**Image-backed grounding data:**
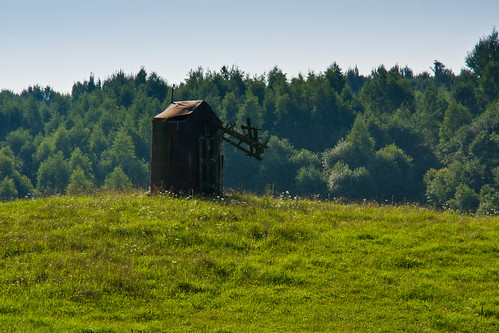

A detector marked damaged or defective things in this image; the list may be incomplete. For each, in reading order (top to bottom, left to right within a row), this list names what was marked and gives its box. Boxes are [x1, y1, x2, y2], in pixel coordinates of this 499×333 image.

rusty metal shed [150, 100, 225, 195]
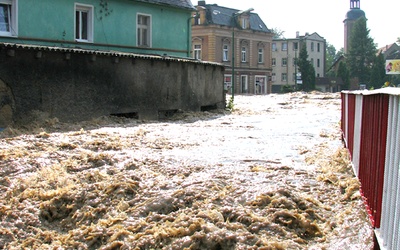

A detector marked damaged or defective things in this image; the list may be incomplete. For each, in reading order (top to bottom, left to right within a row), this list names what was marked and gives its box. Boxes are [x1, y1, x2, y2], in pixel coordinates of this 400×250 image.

damaged retaining wall [0, 43, 225, 126]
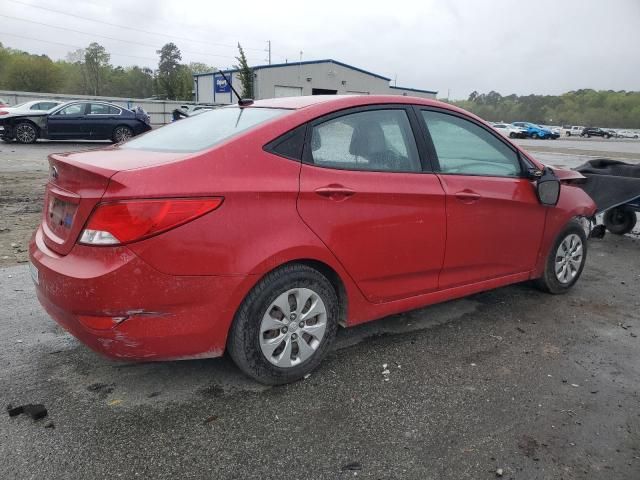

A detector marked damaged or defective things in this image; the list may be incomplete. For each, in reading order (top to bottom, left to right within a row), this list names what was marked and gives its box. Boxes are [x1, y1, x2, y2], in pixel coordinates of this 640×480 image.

damaged red car [27, 95, 596, 384]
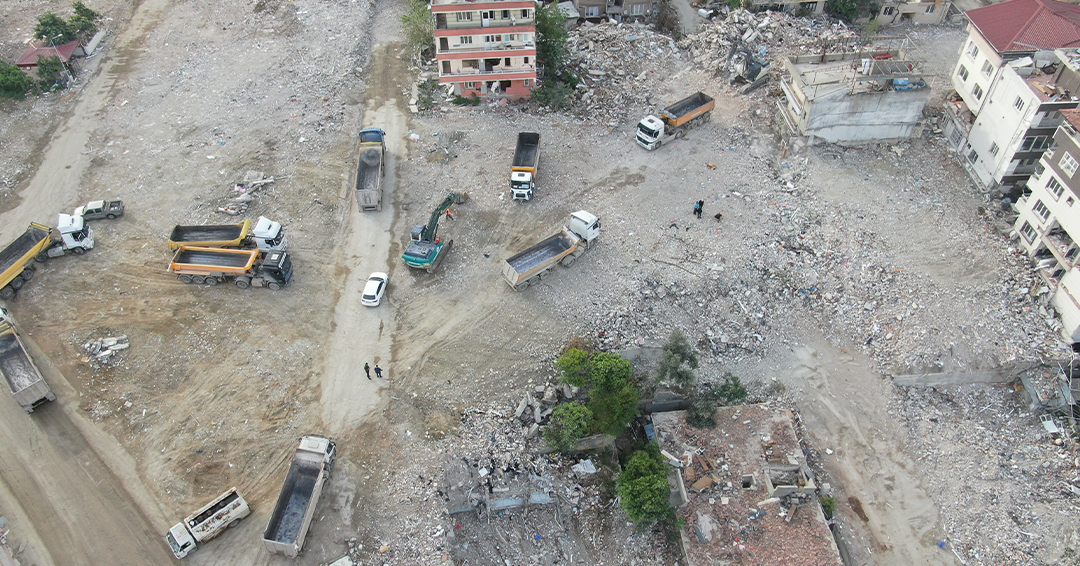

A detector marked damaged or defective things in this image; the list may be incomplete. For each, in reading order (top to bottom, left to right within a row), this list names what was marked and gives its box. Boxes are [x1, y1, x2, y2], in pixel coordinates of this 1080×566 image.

damaged apartment building [432, 0, 537, 99]
damaged apartment building [781, 48, 933, 143]
damaged apartment building [941, 0, 1080, 196]
damaged apartment building [648, 403, 842, 561]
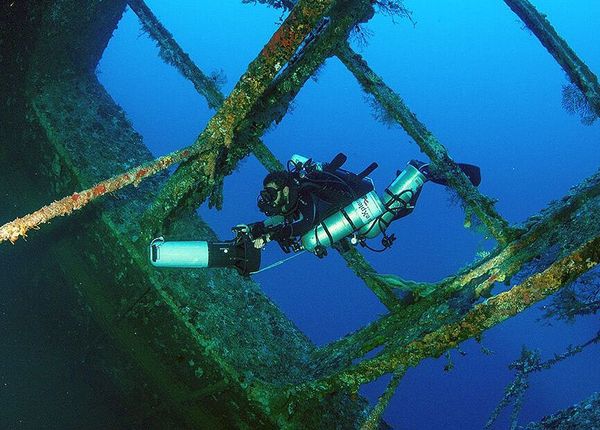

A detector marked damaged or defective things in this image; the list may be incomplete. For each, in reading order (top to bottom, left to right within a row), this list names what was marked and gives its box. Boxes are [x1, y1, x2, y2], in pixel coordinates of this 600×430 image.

rusted metal beam [504, 0, 600, 117]
corroded steel girder [504, 0, 600, 117]
corroded steel girder [338, 44, 516, 247]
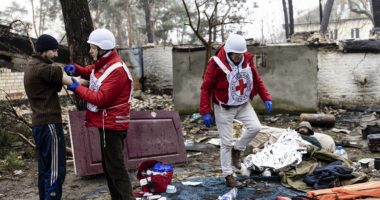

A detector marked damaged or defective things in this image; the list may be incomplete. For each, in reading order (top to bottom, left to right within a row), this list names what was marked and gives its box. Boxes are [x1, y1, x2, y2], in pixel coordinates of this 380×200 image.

damaged wall [174, 44, 320, 115]
damaged wall [316, 50, 380, 109]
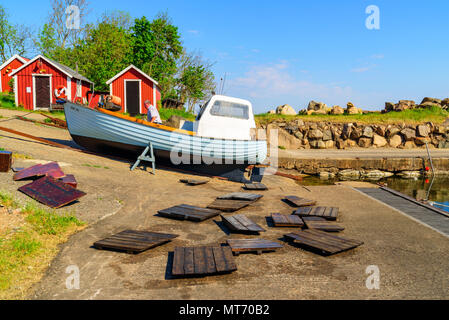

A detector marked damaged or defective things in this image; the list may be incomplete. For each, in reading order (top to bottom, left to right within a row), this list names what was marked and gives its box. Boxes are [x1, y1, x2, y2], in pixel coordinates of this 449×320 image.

rusty metal plate [12, 162, 65, 180]
rusty metal plate [18, 174, 86, 209]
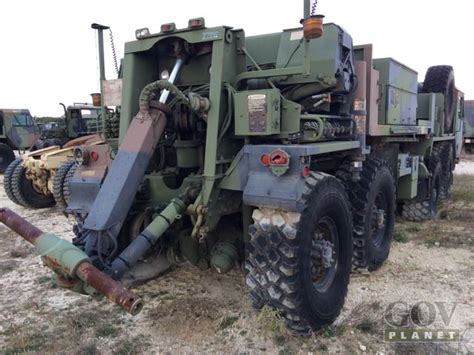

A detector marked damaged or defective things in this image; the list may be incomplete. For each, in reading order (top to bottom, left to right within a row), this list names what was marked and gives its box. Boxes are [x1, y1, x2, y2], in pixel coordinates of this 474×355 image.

rusty metal pipe [0, 207, 144, 316]
rusty steel beam [0, 207, 144, 316]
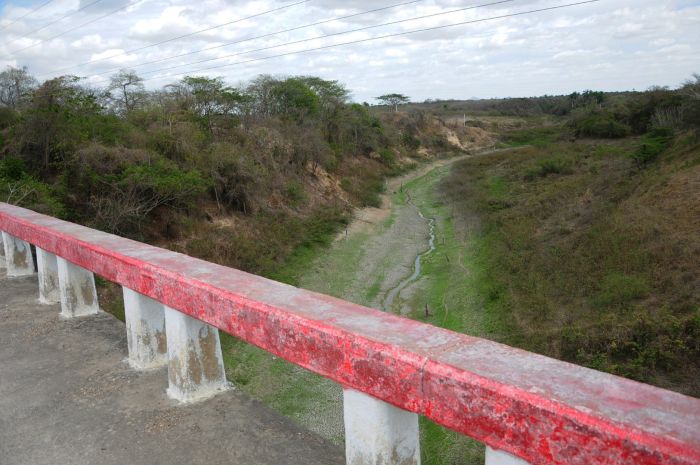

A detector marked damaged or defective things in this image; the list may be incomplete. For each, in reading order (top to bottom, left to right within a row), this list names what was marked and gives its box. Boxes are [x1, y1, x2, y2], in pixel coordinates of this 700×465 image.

cracked concrete surface [0, 268, 344, 464]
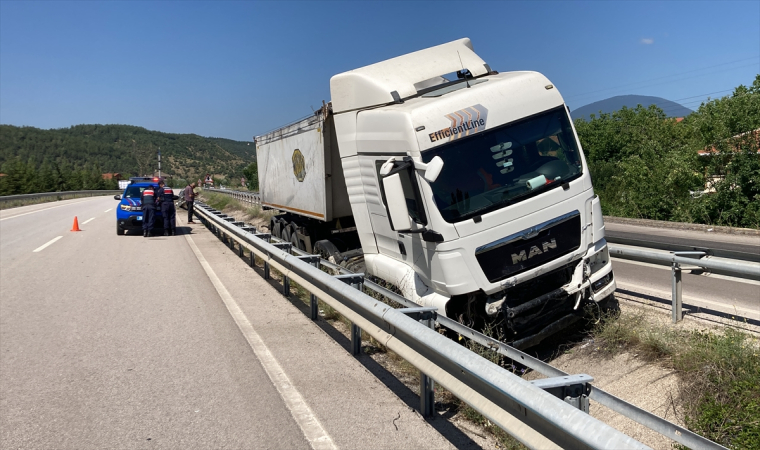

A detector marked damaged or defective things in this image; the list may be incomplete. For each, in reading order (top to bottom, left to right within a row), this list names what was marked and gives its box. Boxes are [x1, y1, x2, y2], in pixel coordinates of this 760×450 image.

damaged guardrail [191, 203, 652, 450]
crashed truck cab [330, 38, 616, 348]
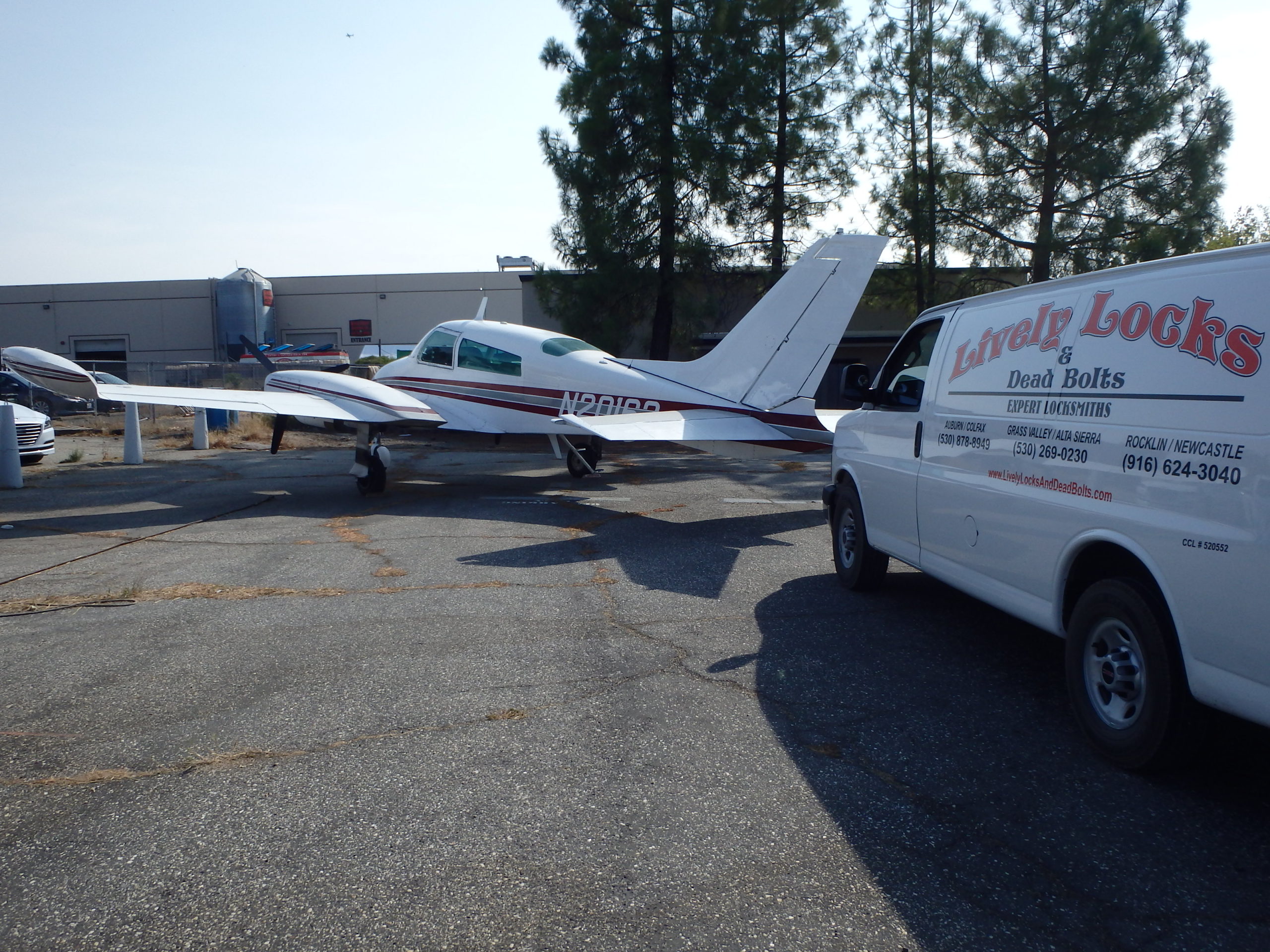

**Requirement:** No pictures should appear in the copy. Print exactly the lines above from the line containing "this 760×450 image." through the last line of the data.

**Answer box:**
A detector marked damaged or defective things in this image; the list may be incomplete. For each, in reading order (top to bottom, left to right within a row), this list names what was marked and gives its box. Boxes are [x1, y1, x2, y2], in pixel coordinates of this 760×450 image.

damaged guardrail [191, 203, 652, 450]
crashed truck cab [330, 38, 616, 348]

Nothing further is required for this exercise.